The Big Tech Deep State

Digital technology was sold as a liberating tool that could free individuals from state power. Yet the state security apparatus always had a different view — and now it’s taking back control of its own creation.

Palantir's AIPCon AI Conference

Adam Goldstein, CEO of Archer Aviation Inc. (L), and Alexander Karp, CEO of Palantir Technologies Inc., during the AIPCon conference in Palo Alto, California, on March 13, 2025. (David Paul Morris / Bloomberg via Getty Images)


In the heady neoliberal 1990s, techno-optimism touched its most cringe-worthy extremes. Infused with the fatuous imaginary of what Richard Barbrook has termed the “Californian ideology,” tech workers, entrepreneurs, and techno-visionary ideologues identified digital technology as a weapon for liberation and personal autonomy. This tool, they proclaimed, would allow individuals to defeat the hated Goliath of the state, then widely portrayed in terms of the failing behemoths of the imploding Soviet bloc.

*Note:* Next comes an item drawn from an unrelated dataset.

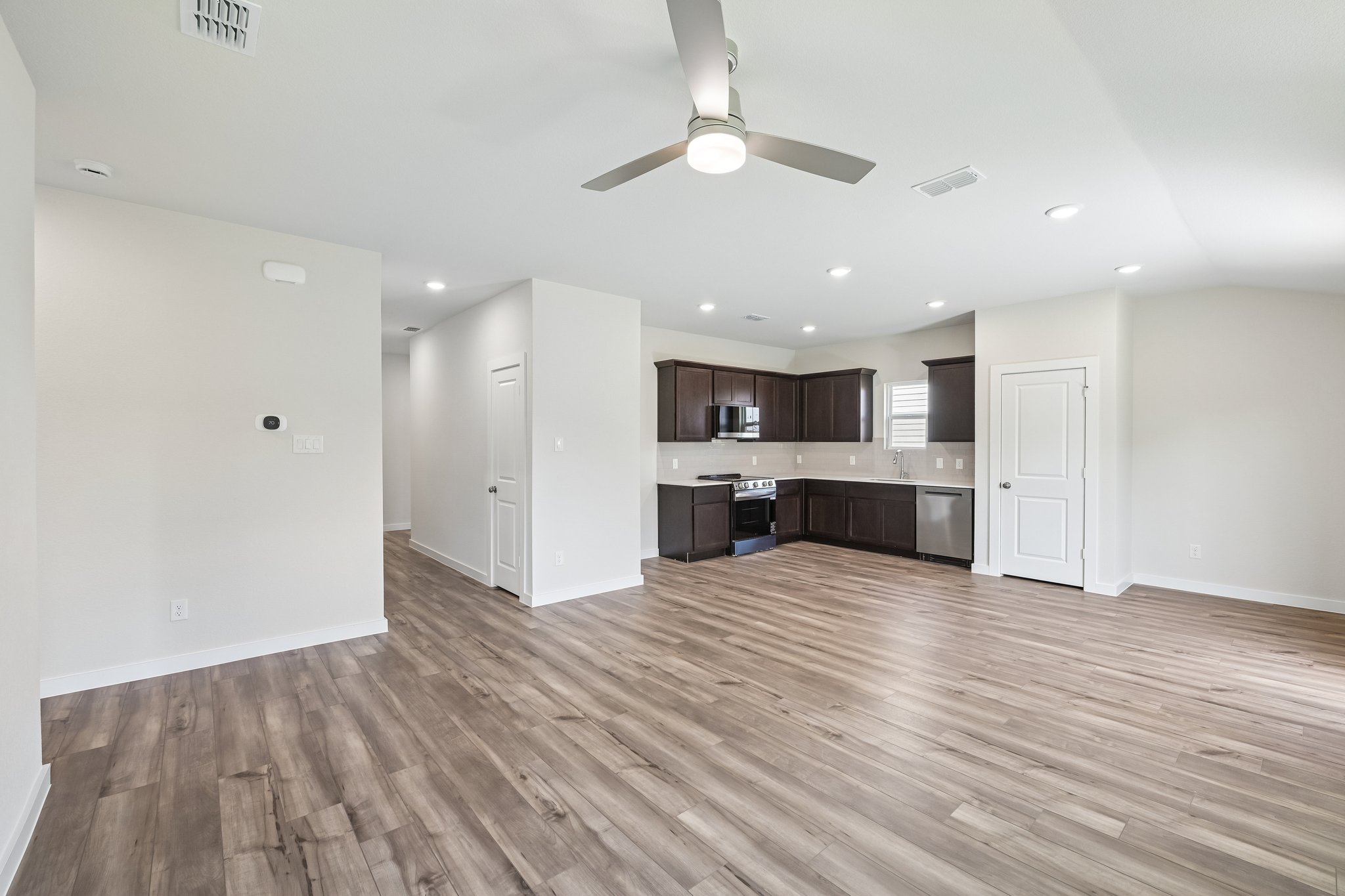 A large empty room with a wood floor and a ceiling fan.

For anyone with a superficial knowledge of the origins of digital technology and Silicon Valley, this should have been, from the very start, a laughable belief. Computers were a product of the war efforts of the early 1940s, developed as means to decode encrypted military messages, with Alan Turing famously involved at Bletchley Park.

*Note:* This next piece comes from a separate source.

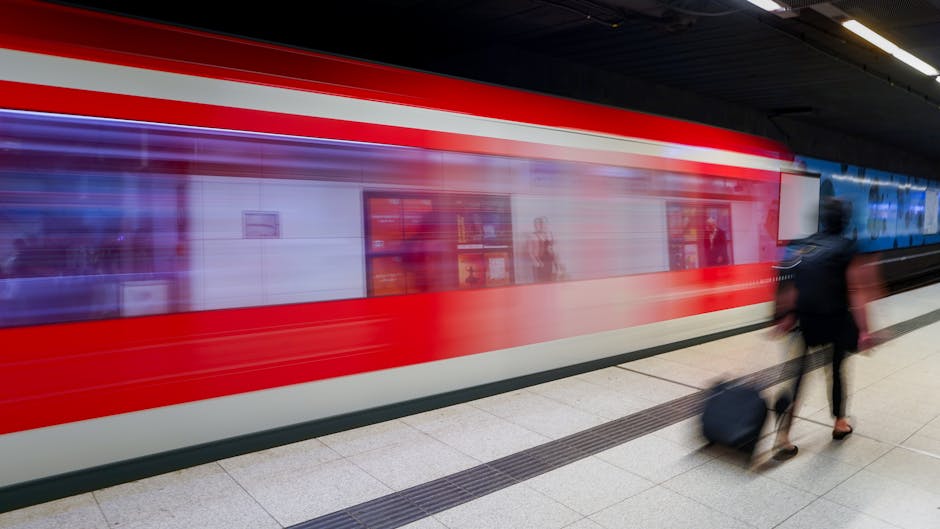 A blurred underground train with a red and white exterior is arriving or departing at Bickley Station, with a person dressed in dark clothing walking along the platform pulling a wheeled suitcase. The platform surface is light-colored tile, and overhead lighting illuminates the scene. Inside the station, reflections and faint outlines of shelves and signs are visible through the train's windows, indicating it is a busy commuter environment. This image captures the dynamic movement typical of home relocation or packing and moving activities, with [COMPANY_NAME] providing essential logistical support for such furniture transport and train link moves associated with Bickley Station, as referenced in the guide for easy train link moves.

ENIAC, or Electronic Numerical Integrator and Computer, considered the first general-purpose computer used in the United States, was developed for artillery calculations and to aid the development of the hydrogen bomb. As G. W. F. Hegel infamously argued, war is the state in its most brutal form: the activity in which the strength of the state is tested against that of other states. Information technologies have become ever more central to this quintessentially state business.